Debate continues within the scientific community and pet parents over how 'human' their pets really are. Ask nearly any dog or cat owner if their pet can sense emotions and they will tell you a story of how their furry friend 'knew' when they were sad or happy and reacted in a way that convinced them the animals were emoting too.
Even bigger animals like gorillas and lions have been known to bond to their human protectors and remember them even after being released into the wild, making for emotional reunions.
Researchers like Marc Bekoff say animals absolutely have passions, emotions and cognitive behavior like jealousy and anger. His retort to skeptics who want to know "how" he "knows" what animals are feeling is that researchers should "err on the side of the animals" because "what we believe about how the animals feel (effects) how we treat them".

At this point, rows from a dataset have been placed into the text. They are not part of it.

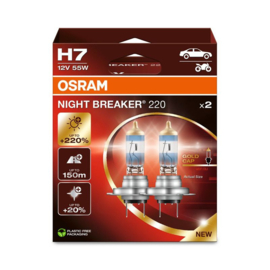 Osram Night Breaker 220 Halogeen lampen - H7 - 12V/55W - set à 2 stuks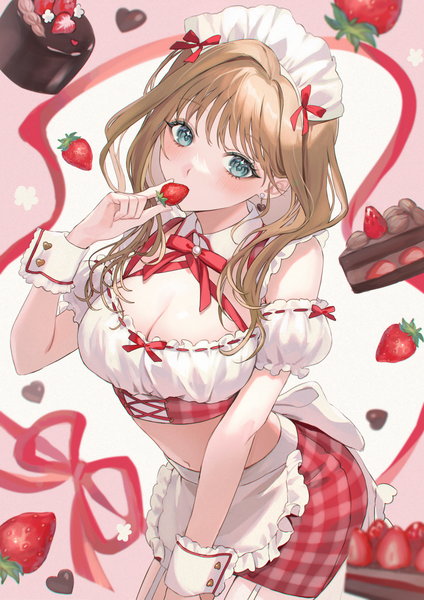Anime picture 1157x1637 with original anoa single long hair tall image looking at viewer blush breasts blue eyes light erotic brown hair large breasts cleavage midriff eating valentine girl detached sleeves earrings food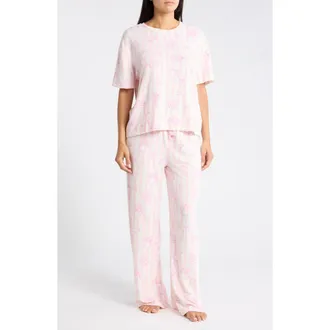 PJ Salvage Print Relaxed Fit Pajamas in Blush at Nordstrom Rack, Size X-Small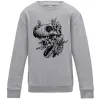 Детский Свитшот T-Rex skull in flowers Серый меланж Детский Свитшот T-Rex skull in flowers Серый меланж фото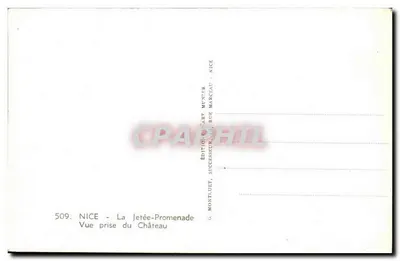 NICE - La Jetée-Promenade - Widok z zamku — Wydawca G. Montillet, następcy, ulica Marcelin, Nice — Rewers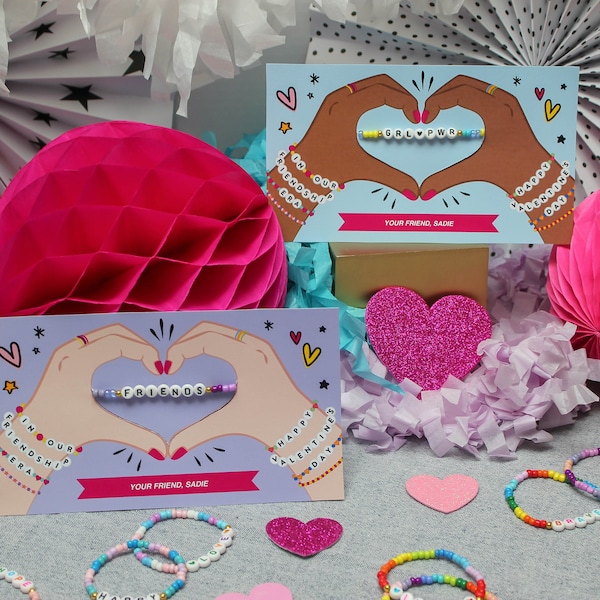 Beaded Bracelet Valentine, Kids Valentine Printable, Valentines for Girls, Classroom Valentines, School Valentines, DIY, Just Add Confetti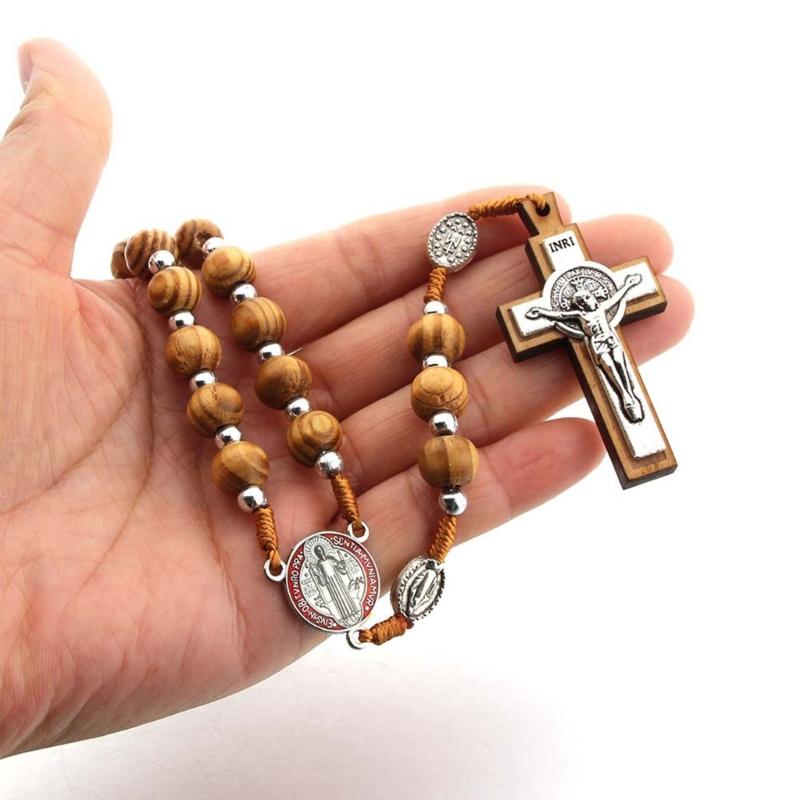 Handmade Wood Rosary Necklaces Men Women Necklaces Catholic Cross Pendant Meditation Jewelry Christian Religious Gift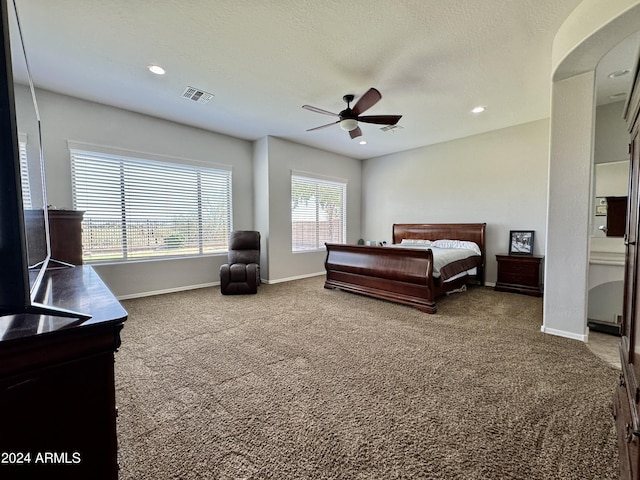 bedroom featuring multiple windows, a textured ceiling, carpet floors, and ceiling fan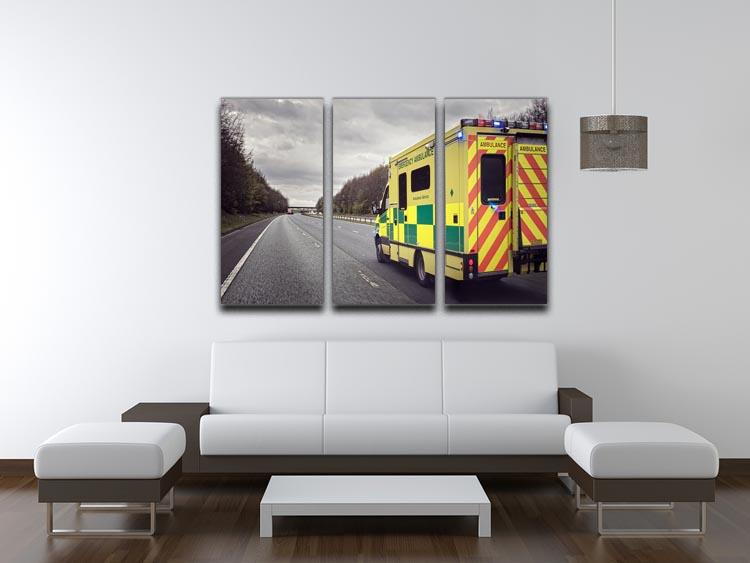 Ambulance responding to an emergency 3 Split Panel Canvas Print - Canvas Art Rocks - 3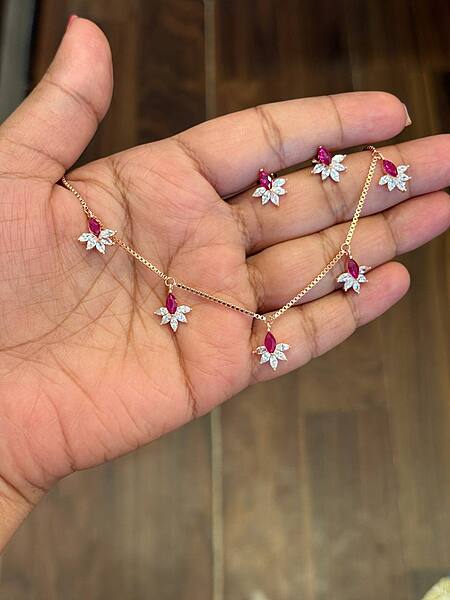 silver charm flora chain with rosegold finish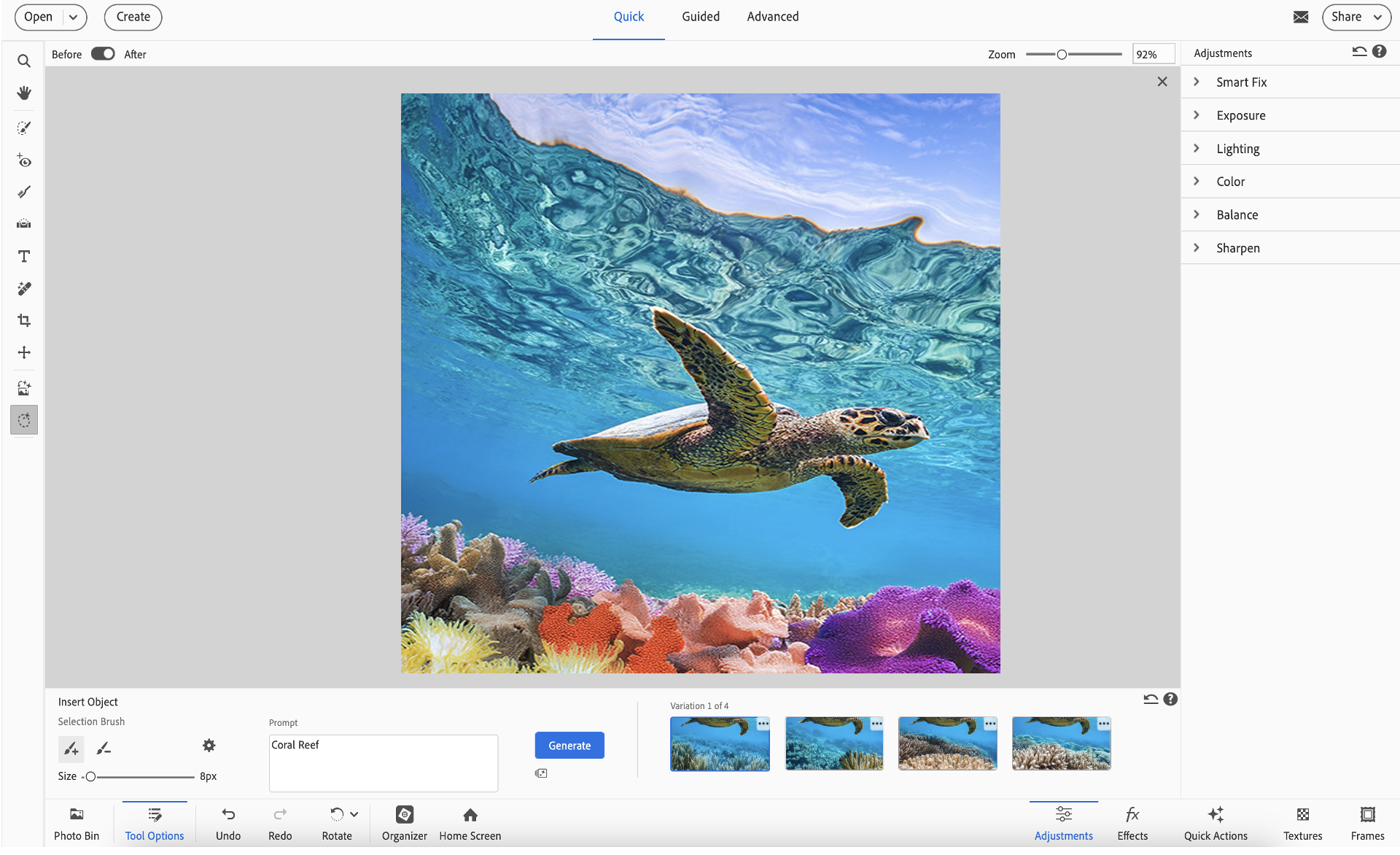 Object inserted using a prompt in Insert Object with AI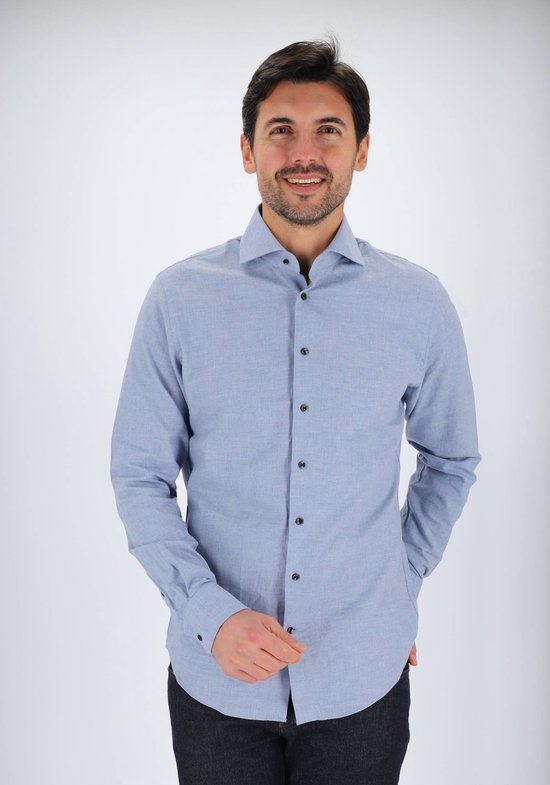 Michaelis slim fit heren overhemd - dobby - blauw - Strijkvriendelijk - Boordmaat: 39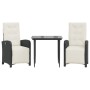 Mesita y sillas con cojines 3 piezas ratán sintético negro by , Garden sets - Ref: Foro24-3212514, Price: 397,78 €, Discount: %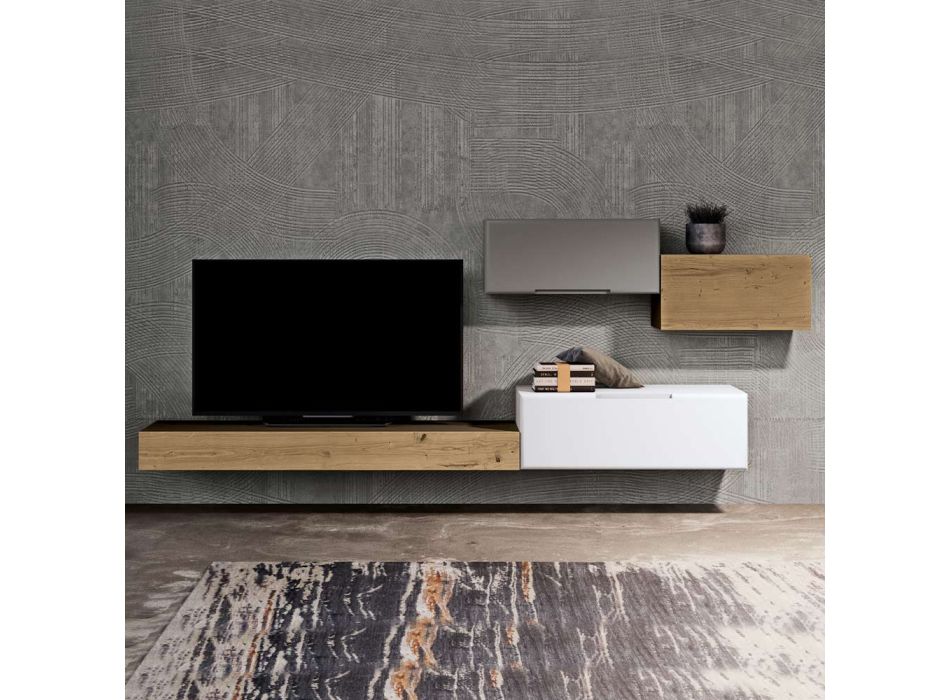 Composição dos móveis da sala e móvel de TV em MDF Made in Italy - Hedda Viadurini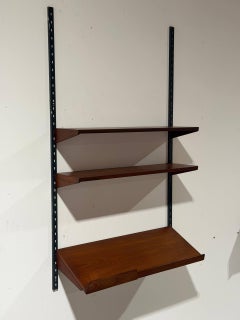 Teak Wall Unit with 3 Shelves Danish Mid-Century Modern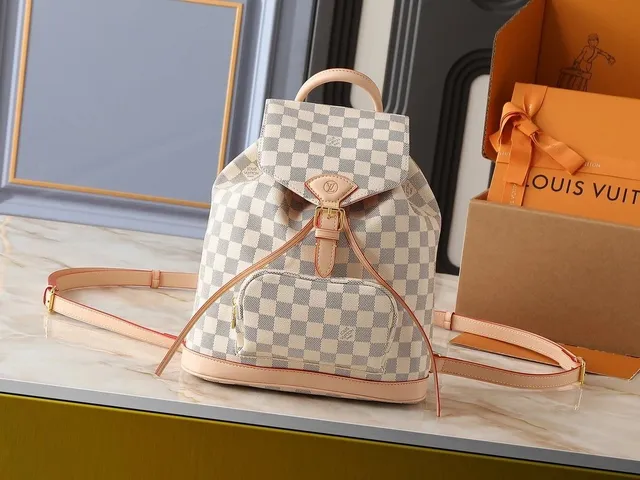 Louis Vuitton Damier Azur Backpack Checkered Canvas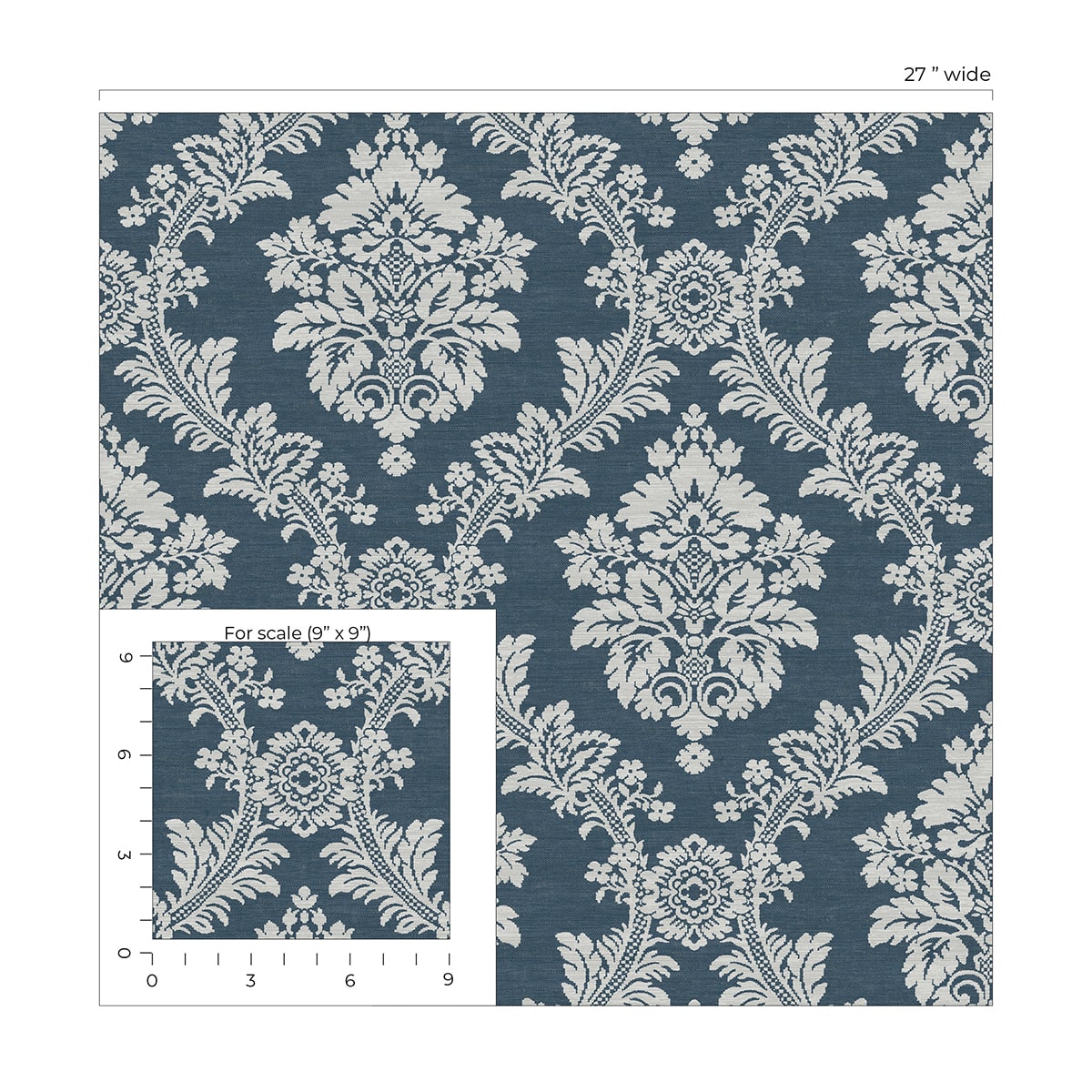 Seaside Damask Premium Screen Printed Peel and Stick Removable Wallpaper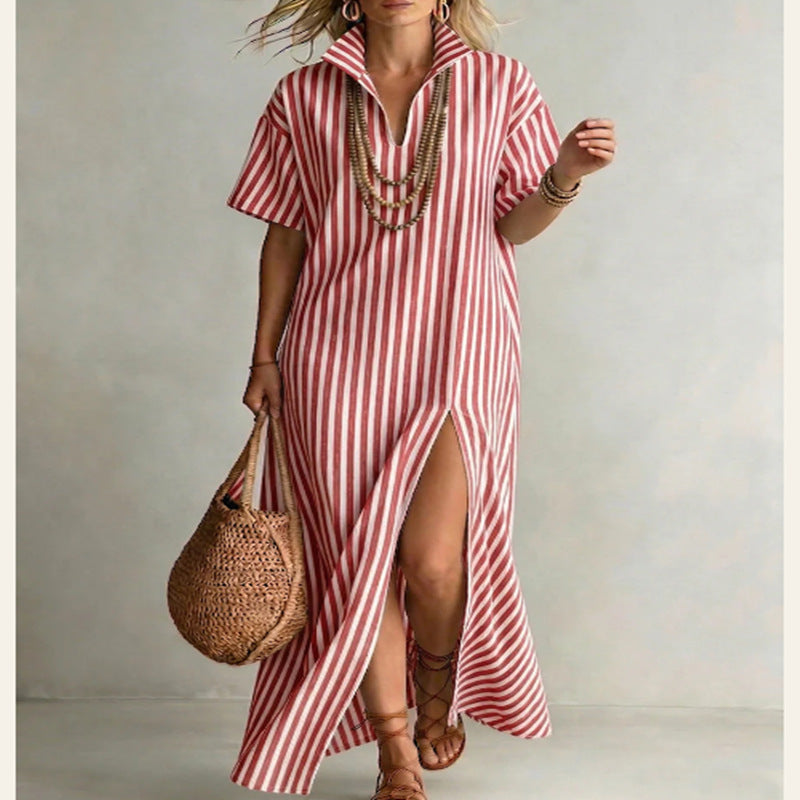 Wren - Preppy Women's Linen Maxi Dress with Striped Print and Side Slit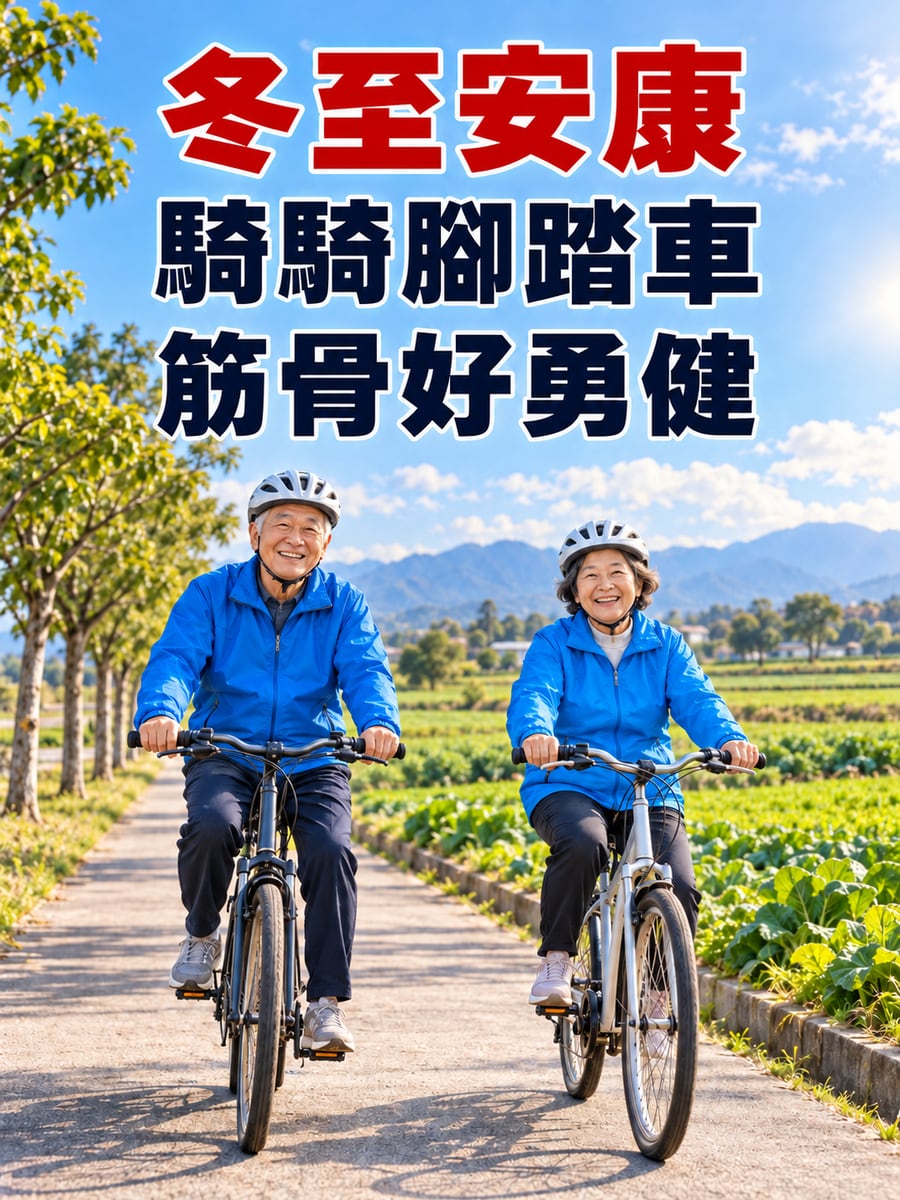 騎腳踏車的老夫妻。圖中文字：冬至安康，騎騎腳踏車，筋骨好勇健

University of Florida professor Clive Wynne disagrees. He says while many animals may appear to be reading situations and reacting, it's all an act. "You are your dog's project," Wynne says. "He really has nothing to do all day but watch your every move and try to detect even the smallest difference in your activities that could predict that something is about to happen to his benefit."
But Wynne says this shouldn't crush the dreams and hopes of some pet owners who insist their favorite animal is just as "human" as any child. Wynne looks at a concept called "dogness" in his book. Wynne says dogs may be reacting to patterns in their pet parent's behavior in order to curry favor with them as a survival instinct. However, he says that doesn't make them any less deserving of our respect and loving care. Dogs have their own special abilities and should be praised for being dogs, not humans.